Madison bequeathed most of his library to the University of Virginia, reserving for his wife, Dolley “the right to select such books and pamphlets as she would choose, not exceeding three hundred volumes.” But after his death, many of his books were sold by Dolley and her son John Payne Todd, desperate to raise cash to pay his debts.[6] After years of delay, the actually threatened suit. In the end about two thousand volumes went to the university library.[7] However, an 1895 fire destroyed about 40,000 of the library’s nearly 57,000 books, including most of Madison’s books, though a number of his pamphlets survived.

Only six signed books from Madison’s library appear in major auction records in the last four decades, and his books on history and government are particularly desirable.

This title itself is rare; the English Short Title Catalogue (a catalog of works published between 1473 and 1800, mainly in Britain and North America) and the Online Computer Library Center locate only two copies in U.S. libraries and eight copies in U.K. and European libraries.[8]

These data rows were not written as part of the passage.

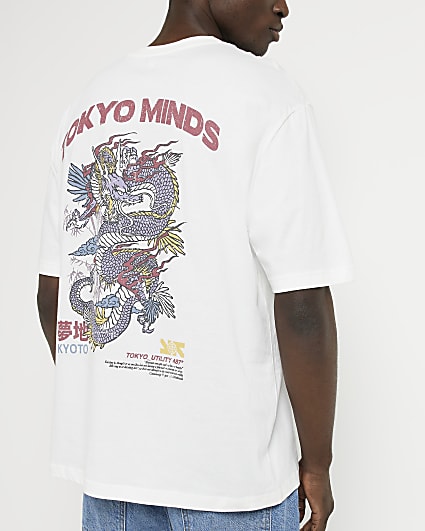 Ecru Oversized fit Tokyo Minds T-shirt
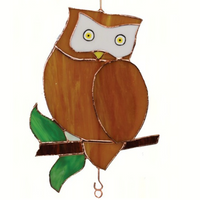 Owl Stained Glass Wind Chime 40"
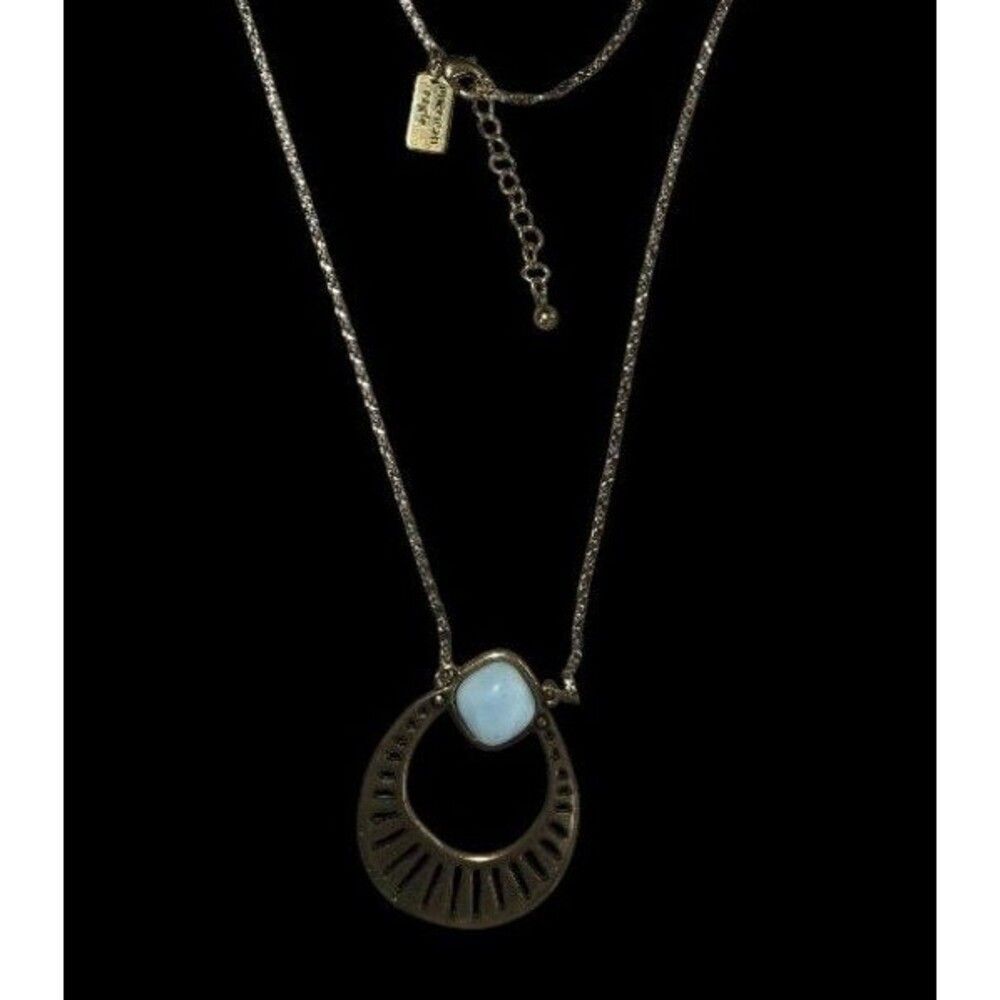 American Eagle long pendant necklace boho gold tone womens jewelry  moon goddess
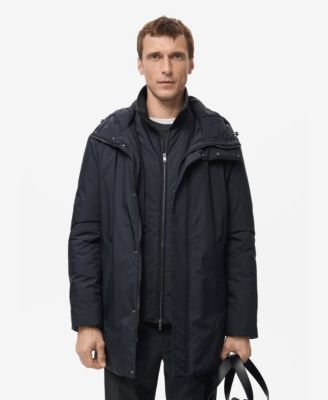 Men's Detachable Water-Repellent Quilted Parka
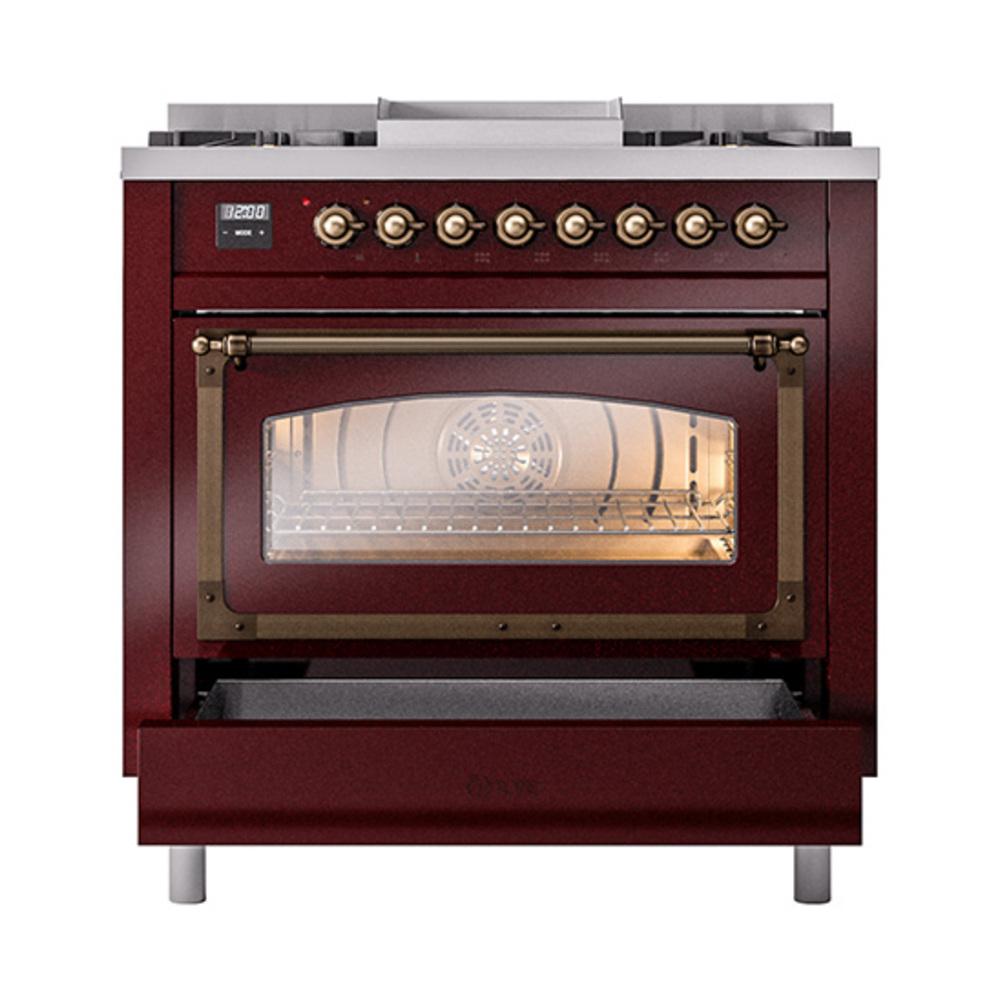 Ilve UN36FNMPBUBLP Ilve Un36Fnmpbublp Nostalgie Ii Noblesse 36" Dual Fuel Range (Liquid Propane, Triple Glass Door, Burgundy, Burnished)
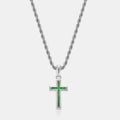 Mini Emerald Stone Cross (Silver)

Small owner signature to lower comer of title page. With laid-in partial leaf (2¾ by 6¼ inches) printed on the recto: “The Autograph Collection of American Historical Interest. Collected by the Late Emil Edward Hurja.” The Hurja collection was auctioned on April 27, 1954. Alfred J. Liebmann acquired it, and included it in an article about his own collection (“Presidents and Books,” in Manuscripts): “[Madison] was a great reader and earnest collector, especially of historical material. My Madison item, A History of the Dutch Republic, belongs in this category.”


Text generally fresh with light scattered foxing, expert restoration to inner margins of half title and title page. An extremely rare and desirable signed association copy.

[1] Robert A. Rutland, James Madison: The Founding Father (New York: Macmillan, 1987), 176.

[2] Ephraim Douglass Adams, The Influence of Grenville on Pitt's Foreign Policy, 1787-1798 (London: Forgotten Books, 2016 reprint), 77.

[3] James Harris, An Introduction to the History of the Dutch Republic, for the Last Ten Years, Reckoning from the Year 1777 (London: G. Kearsley, 1788), 286.

[4] A. London Fell, Origins of Legislative Sovereignty and the Legislative State: Volume Six, American Traditions and Innovation with Contemporary Import and Foreground, Book I: Foundations, to Early 19th Century (Santa Barbara, CA: Praeger, 2004), 180.

[5] Matthew G. Hyland, Montpelier and the Madisons: House, Home, and American Heritage (Mount Pleasant, SC: Arcadia Publishing, 2007), 67.

[6] David B. Mattern and Holly C. Shulman, eds., Selected Letters of Dolley Paine Madison (Charlottesville: The University of Virginia Press, 2003), 324.

[7] John S. Patton, Jefferson, Cabell and the University of Virginia (HardPress Publishing, 2013 reprint), 30; Rutland, James Madison, 189.

[8] Samuel Halkett and John Laing, A Dictionary of Anonymous and Pseudonymous Publications in the English Language [edition unknown], 1245.